4.2 Revoke bucket sharing after data transport
Moving large datasets (several terabytes) of data to Allas can take a long time. Aftwer few days data produces tells Tiina that all data has been imported to the shared animine_data_import_i1 bucket in Allas. Tiina can now remove the external access rights from the bucket with command:
a-access -rw project_2000111 animine_data_import_1
5. Using encrypted data
The data stored to CSC using the procedure above is accessible only to the members of the research group. The data is encrypted with both CSC public key and resreach groups own public key.

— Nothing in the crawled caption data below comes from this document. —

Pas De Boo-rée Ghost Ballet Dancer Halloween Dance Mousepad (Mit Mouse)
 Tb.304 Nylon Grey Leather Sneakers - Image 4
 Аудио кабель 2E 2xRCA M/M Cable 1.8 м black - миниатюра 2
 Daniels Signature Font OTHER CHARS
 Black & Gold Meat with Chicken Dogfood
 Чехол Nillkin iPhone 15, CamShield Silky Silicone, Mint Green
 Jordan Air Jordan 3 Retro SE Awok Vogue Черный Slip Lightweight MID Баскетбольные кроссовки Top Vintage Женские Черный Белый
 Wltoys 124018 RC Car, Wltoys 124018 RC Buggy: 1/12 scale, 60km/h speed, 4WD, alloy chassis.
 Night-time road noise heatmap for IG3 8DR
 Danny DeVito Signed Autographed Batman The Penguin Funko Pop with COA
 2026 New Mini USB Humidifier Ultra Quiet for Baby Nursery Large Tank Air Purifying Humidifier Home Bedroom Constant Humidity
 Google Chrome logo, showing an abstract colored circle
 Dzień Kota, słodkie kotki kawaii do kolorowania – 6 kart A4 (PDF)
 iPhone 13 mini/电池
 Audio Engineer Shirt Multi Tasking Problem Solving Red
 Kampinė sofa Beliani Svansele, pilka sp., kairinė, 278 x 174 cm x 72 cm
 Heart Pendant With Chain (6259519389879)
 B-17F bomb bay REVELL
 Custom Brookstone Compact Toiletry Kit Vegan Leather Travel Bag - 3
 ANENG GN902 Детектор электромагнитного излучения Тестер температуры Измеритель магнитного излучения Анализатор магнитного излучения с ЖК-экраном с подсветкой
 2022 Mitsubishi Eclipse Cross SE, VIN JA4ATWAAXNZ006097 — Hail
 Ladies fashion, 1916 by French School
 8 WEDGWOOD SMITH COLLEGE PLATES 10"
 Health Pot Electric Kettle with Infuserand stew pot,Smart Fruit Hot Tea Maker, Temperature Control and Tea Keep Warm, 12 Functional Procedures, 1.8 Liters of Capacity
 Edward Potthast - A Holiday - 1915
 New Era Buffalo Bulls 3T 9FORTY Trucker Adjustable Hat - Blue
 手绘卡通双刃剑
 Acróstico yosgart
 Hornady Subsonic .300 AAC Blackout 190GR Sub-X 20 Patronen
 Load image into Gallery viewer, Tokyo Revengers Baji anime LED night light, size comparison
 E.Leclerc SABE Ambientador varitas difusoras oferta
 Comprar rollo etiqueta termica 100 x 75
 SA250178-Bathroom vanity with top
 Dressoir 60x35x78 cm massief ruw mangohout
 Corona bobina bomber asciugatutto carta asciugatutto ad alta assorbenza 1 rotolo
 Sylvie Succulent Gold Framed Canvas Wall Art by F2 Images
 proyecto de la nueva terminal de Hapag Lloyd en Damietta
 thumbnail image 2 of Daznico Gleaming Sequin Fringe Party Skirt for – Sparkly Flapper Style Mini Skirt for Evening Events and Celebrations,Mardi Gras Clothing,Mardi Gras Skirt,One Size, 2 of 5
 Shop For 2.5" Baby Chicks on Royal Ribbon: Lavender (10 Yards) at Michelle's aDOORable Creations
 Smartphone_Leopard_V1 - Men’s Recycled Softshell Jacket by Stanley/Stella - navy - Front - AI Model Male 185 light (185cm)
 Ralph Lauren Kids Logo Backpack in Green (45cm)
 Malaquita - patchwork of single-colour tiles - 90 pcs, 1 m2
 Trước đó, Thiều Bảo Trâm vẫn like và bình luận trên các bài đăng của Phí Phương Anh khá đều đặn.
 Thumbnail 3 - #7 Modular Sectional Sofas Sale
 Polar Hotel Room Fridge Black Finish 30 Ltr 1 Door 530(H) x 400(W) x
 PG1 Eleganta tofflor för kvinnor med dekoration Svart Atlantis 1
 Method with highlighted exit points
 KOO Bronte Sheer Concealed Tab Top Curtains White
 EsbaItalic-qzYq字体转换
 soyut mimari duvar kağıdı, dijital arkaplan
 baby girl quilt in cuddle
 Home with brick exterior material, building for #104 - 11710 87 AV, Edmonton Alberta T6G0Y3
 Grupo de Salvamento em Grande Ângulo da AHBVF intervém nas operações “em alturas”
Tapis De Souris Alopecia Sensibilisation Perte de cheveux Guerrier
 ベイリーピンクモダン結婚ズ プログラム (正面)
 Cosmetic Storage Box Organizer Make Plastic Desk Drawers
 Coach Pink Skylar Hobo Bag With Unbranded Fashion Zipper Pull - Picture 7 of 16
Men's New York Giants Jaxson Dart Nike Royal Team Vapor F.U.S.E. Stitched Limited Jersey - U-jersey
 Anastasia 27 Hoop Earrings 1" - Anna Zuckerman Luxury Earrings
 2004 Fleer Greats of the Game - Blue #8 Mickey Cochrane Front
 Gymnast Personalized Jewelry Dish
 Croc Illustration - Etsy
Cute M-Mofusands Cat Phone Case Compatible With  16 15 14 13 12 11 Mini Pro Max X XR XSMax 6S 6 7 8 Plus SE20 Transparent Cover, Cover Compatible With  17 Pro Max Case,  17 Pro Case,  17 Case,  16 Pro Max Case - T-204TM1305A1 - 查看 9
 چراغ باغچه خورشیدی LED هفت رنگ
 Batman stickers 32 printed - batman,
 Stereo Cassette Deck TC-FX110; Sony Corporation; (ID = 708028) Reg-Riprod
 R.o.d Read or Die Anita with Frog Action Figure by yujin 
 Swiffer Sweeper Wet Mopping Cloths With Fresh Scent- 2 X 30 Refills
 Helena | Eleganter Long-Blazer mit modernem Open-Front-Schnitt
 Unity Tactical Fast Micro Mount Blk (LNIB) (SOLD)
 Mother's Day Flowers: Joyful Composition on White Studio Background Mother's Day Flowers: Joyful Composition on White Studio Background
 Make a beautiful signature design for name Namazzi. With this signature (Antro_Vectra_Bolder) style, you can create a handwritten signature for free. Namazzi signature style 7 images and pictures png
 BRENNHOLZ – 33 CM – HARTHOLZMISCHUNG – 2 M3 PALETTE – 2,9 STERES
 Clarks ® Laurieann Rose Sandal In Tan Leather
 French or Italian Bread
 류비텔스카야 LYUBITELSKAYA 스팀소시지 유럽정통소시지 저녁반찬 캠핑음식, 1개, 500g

If the data is accessed through SD Desktop the decryption of data is done automatically by the Data Gateway tool when data is used in the working environment.
If the data is used in other environments, decryption must be done by the user.
In SD Connect service the shared bucket, in this example animine_data_import_1, needs some preparations befor the uploaded data can be downloaded.
First user must share the bucket to her own project too. After that the uploaded data can be accessed, not through the normal data Browser view but through the Shared view of SD Connect.
In the example above researcher Tiina Tutkija shared a data bucket animine_data_import_1 in Allas service to receive data from sequencing center. The sequencing center uploaded file run_12_R1.fastq.c4gh to the bucket. Tiina can now use SD Connect to download this file to her local computer.
First Tiina checks the Project Identifier string of her project and copies it to the clip board.
Then on the Browser view of SD Connect she presses the Share buttonm of the bucket (animine_data_import_1). This opens the Bucket sharing page. Here Tiina turns on read and write permissions and adds her Project Identifier to the field: Project Identifiers to share with. The sharing is activated by cliking the Share button.
Next Tiina moves to the Shared to the project view which now includes bucket animine_data_import_1. She can now open the bucket and start downloading the data.
However, after download the file is still in ecrypted format. To decrypt the file Tiina opens the cryp4gh-gui encryption tool that she previously installed to her computer to create the encryption keys.
Now she uses this tool to decrypt the data. In crypt4gh interfave she first clicks Load My Private Key and the selects the animine_crypt4gh.key that is the secret key used by her research project. Then se uses Select File to select the file run_12_R1.fastq.c4gh she just downloaded to her computer. Next she clicks Decrypt File boutton. crypt4gh-gui will now ask the password of the secret key (H8koGN3lzkke in this case) after which a decryted version of the file, run_12_R1.fastq, is created next to the encryprted file. Tiina can now remove run_12_R1.fastq.c4gh from her local computer and start working with the run_12_R1.fastq file.